The Apps I Use for Learning Chinese
At the core of my method of learning Chinese is the idea that we should copy the pronunciation of native speakers to achieve basic fluency. We should literally mock a phrase recorded by a native speaker until we begin to sound very close to them, and only then can we proceed to the next phrase. I believe that this work on pronunciation is what most of our studying should consist of until we reach elementary or intermediate level.
Luckily, there are a lot of apps these days that we can use to facilitate language learning and make the whole process quite comfortable. Today I'm going to tell you about the software I've been using for Chinese. All of it is free, opensource, and crossplatform.
I practise Chinese on my laptop. This is how my screen looks like during a typical session:
As you can see, there are just three windows:
- The audio editor Audacity in the upper-left part of the screen.
- The PDF that comes with the audio course (to the right).
- A text file for notes, bookmarks, etc.
This minimalist yet powerful setup is all a self-learner like myself needs to diligently progress from total beginner to elementary/intermediate.

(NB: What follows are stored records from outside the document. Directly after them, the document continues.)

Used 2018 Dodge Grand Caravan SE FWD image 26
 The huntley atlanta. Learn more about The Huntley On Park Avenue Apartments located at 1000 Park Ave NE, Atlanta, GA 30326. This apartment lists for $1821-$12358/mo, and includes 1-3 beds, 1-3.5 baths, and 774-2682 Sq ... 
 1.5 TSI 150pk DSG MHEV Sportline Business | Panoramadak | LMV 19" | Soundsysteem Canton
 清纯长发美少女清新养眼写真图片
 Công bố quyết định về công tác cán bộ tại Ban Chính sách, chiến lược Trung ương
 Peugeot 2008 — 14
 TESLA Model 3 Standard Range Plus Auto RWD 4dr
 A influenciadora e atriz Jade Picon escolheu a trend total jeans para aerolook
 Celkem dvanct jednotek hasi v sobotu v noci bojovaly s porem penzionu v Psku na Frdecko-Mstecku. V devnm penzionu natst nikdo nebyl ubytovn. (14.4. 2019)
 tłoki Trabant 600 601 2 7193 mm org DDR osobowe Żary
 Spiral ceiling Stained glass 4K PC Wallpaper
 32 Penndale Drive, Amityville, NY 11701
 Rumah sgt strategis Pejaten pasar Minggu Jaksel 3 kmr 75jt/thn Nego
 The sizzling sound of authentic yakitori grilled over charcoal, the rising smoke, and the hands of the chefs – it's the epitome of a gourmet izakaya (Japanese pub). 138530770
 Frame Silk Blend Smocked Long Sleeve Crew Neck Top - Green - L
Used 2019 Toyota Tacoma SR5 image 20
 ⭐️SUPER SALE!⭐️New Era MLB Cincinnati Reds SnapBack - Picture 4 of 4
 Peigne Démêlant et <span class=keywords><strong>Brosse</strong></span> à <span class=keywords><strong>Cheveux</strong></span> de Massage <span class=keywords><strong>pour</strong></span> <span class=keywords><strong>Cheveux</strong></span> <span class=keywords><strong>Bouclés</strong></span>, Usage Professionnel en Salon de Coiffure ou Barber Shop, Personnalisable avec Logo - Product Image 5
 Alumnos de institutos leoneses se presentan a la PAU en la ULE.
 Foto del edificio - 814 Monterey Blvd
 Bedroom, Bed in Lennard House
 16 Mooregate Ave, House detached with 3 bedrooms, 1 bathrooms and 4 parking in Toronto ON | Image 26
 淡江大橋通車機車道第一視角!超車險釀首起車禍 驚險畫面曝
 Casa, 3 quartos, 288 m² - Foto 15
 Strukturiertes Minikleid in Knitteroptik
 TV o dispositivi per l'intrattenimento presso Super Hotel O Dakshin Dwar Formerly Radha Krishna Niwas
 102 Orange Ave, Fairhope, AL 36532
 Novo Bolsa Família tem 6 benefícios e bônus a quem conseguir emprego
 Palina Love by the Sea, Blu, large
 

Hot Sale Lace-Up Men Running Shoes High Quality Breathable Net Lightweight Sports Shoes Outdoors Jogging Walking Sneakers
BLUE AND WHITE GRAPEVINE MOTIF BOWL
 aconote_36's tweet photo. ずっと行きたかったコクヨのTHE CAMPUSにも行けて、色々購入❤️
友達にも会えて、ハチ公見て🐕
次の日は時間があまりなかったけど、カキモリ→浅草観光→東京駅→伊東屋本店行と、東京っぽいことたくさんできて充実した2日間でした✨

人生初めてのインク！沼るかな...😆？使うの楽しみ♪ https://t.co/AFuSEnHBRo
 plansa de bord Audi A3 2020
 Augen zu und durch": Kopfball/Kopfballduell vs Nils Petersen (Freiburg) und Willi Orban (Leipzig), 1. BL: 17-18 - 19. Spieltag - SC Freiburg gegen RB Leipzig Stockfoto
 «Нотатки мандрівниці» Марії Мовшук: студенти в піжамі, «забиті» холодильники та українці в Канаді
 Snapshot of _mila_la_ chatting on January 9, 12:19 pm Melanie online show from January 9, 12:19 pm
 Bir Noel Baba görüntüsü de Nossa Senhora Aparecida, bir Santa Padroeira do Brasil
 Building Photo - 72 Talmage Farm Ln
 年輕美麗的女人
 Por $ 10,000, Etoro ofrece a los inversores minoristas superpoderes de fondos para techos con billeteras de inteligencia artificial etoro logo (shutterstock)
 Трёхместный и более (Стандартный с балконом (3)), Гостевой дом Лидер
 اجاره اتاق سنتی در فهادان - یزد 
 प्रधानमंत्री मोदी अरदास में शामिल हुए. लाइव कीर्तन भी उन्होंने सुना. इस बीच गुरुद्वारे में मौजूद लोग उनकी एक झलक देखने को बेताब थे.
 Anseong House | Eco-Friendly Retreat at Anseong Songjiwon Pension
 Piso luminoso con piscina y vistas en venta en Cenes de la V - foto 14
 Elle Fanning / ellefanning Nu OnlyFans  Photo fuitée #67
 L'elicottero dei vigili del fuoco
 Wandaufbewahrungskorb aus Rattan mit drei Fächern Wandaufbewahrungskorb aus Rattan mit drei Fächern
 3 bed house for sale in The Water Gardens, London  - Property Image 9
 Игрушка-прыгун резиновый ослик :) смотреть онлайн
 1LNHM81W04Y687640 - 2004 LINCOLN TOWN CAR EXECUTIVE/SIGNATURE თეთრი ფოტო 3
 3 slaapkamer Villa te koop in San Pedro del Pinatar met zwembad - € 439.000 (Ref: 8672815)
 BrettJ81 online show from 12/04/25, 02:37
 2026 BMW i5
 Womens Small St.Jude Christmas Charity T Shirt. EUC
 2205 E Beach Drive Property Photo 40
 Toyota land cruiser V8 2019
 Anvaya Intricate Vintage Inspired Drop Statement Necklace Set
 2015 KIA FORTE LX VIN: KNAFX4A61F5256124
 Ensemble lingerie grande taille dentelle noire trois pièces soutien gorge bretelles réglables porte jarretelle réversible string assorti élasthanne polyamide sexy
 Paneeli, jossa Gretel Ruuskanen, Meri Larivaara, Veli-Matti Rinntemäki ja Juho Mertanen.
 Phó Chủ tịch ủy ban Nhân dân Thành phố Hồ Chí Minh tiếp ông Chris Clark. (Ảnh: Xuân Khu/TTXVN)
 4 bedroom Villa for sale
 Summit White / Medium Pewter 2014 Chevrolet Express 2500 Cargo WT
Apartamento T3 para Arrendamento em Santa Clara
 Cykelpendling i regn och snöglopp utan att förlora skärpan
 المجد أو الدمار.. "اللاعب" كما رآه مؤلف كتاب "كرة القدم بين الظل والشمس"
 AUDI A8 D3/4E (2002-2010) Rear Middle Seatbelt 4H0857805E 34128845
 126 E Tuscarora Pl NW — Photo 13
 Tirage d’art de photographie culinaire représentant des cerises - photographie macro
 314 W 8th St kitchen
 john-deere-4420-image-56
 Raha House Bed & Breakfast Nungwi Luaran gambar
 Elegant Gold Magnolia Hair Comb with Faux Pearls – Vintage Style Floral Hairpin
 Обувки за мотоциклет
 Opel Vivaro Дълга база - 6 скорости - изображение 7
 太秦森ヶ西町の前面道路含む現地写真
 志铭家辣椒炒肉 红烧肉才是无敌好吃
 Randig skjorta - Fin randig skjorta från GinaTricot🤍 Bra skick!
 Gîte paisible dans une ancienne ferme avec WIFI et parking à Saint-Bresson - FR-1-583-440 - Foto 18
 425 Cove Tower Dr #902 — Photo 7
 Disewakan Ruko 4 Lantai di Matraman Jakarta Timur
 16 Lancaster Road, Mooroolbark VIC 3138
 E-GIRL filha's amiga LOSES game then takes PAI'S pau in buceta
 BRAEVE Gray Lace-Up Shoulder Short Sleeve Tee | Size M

Let's take a closer look at each of these three windows.
Audacity is a free professional audio editor with a lot of features. As language learners, we are mostly interested in the following ones:
- Visual waveform representation
- Convenient loop playback
- Adjustable playback speed
The ability to see the waveforms of the phrases you're working on saves you a lot of time and effort. You can visually identify and select the phrase you need (or its part) with your mouse. Then you can hit the space bar to play it, repeat it out loud, then hit the space bar again to play it again without having to touch any other controls, repeat it again, and so on.
In the screenshot below, you can see a dark-grey vertical rectangle. It selects the waveform of the phrase 你好 (nǐ hǎo) around the time 2m 25s of the first audio file of my Scurfield & Song course.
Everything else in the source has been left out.